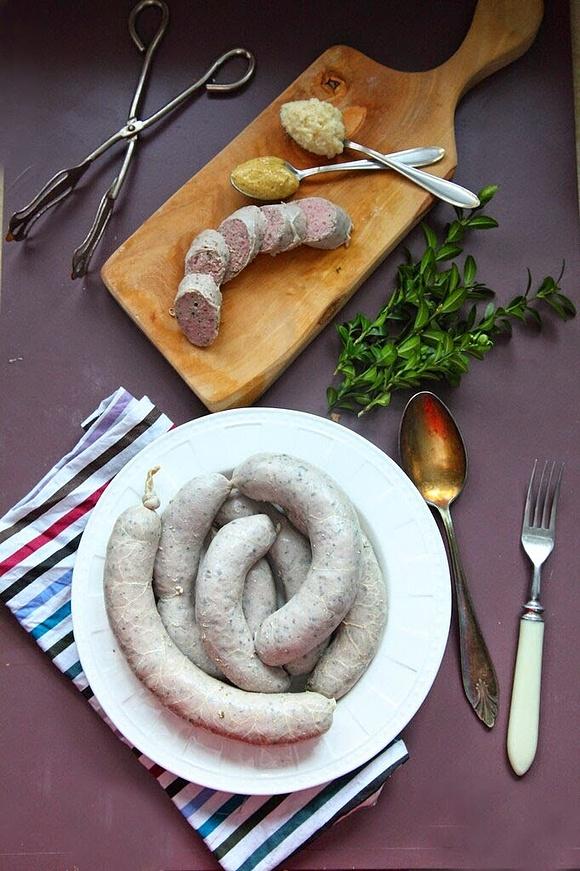 Domowa biała kiełbasa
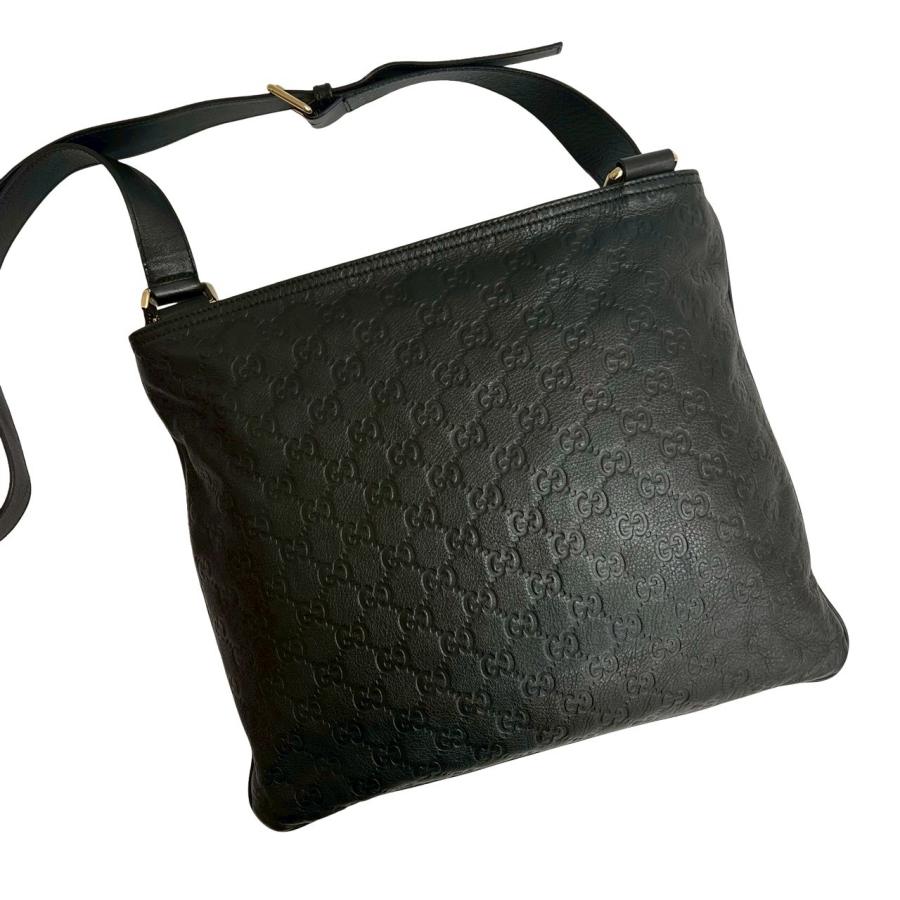 GUCCI（グッチ） 極 美品 希少品 シマ GG ロゴ 刻印 レザー 本革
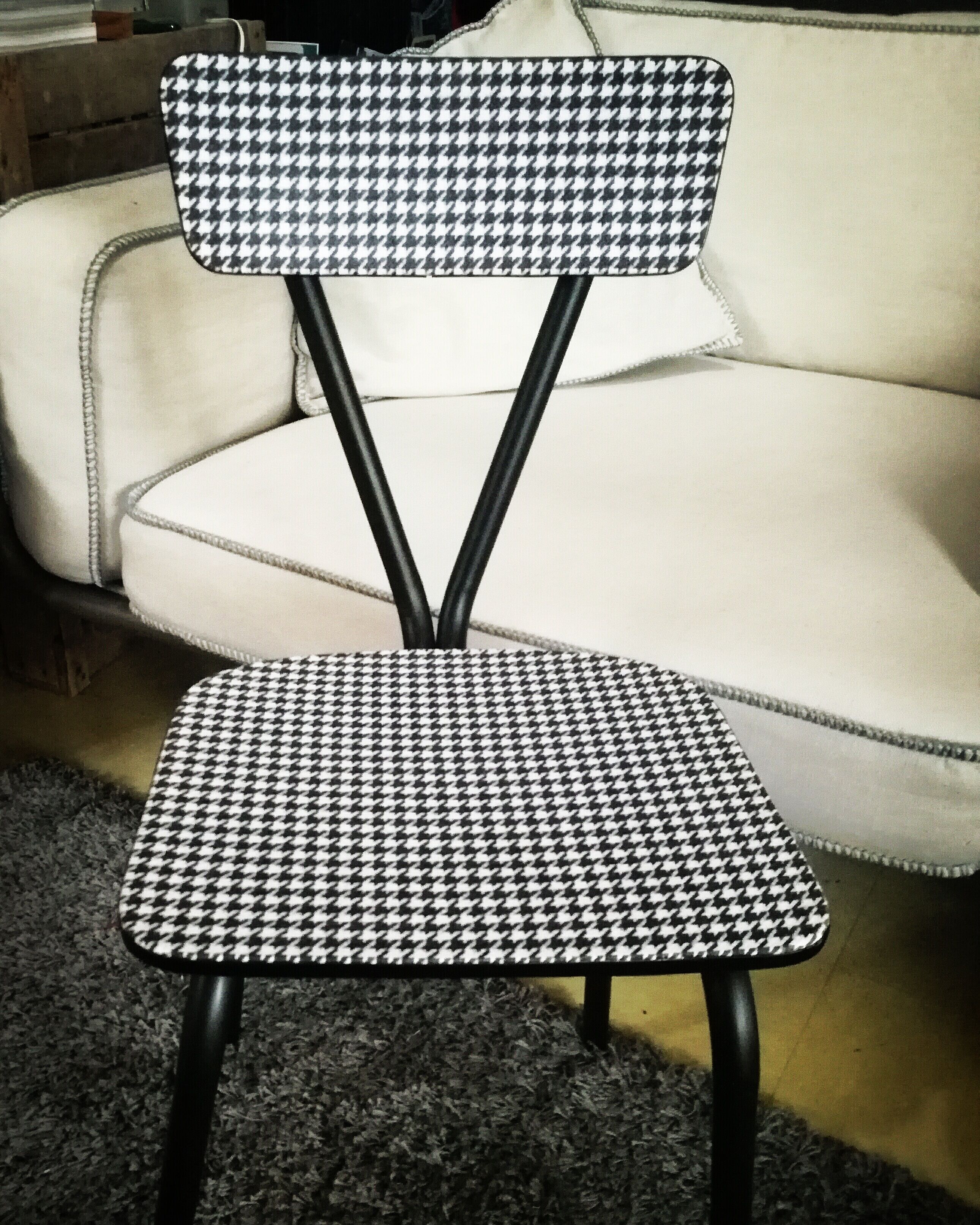 Chaise vintage pied de poule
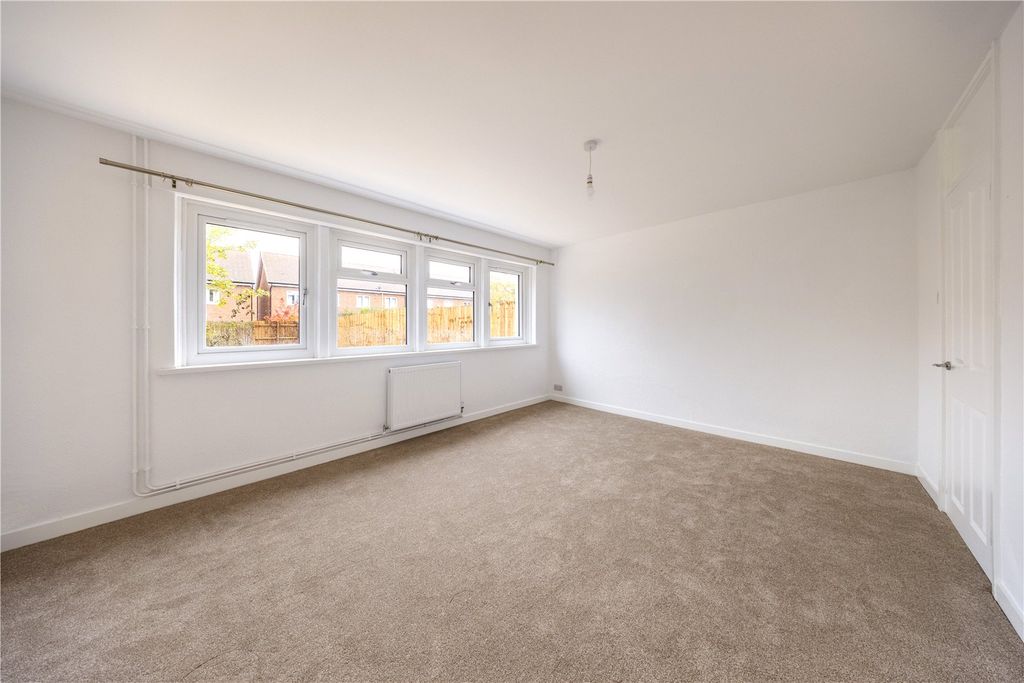 Property photo 3 of 22 Picture No. 49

**Problem requirements**.
Give back the full listing exactly as written, only without its pictures.

**Response**.
 Domowa biała kiełbasa
 GUCCI（グッチ） 極 美品 希少品 シマ GG ロゴ 刻印 レザー 本革
 Chaise vintage pied de poule
 Property photo 3 of 22 Picture No. 49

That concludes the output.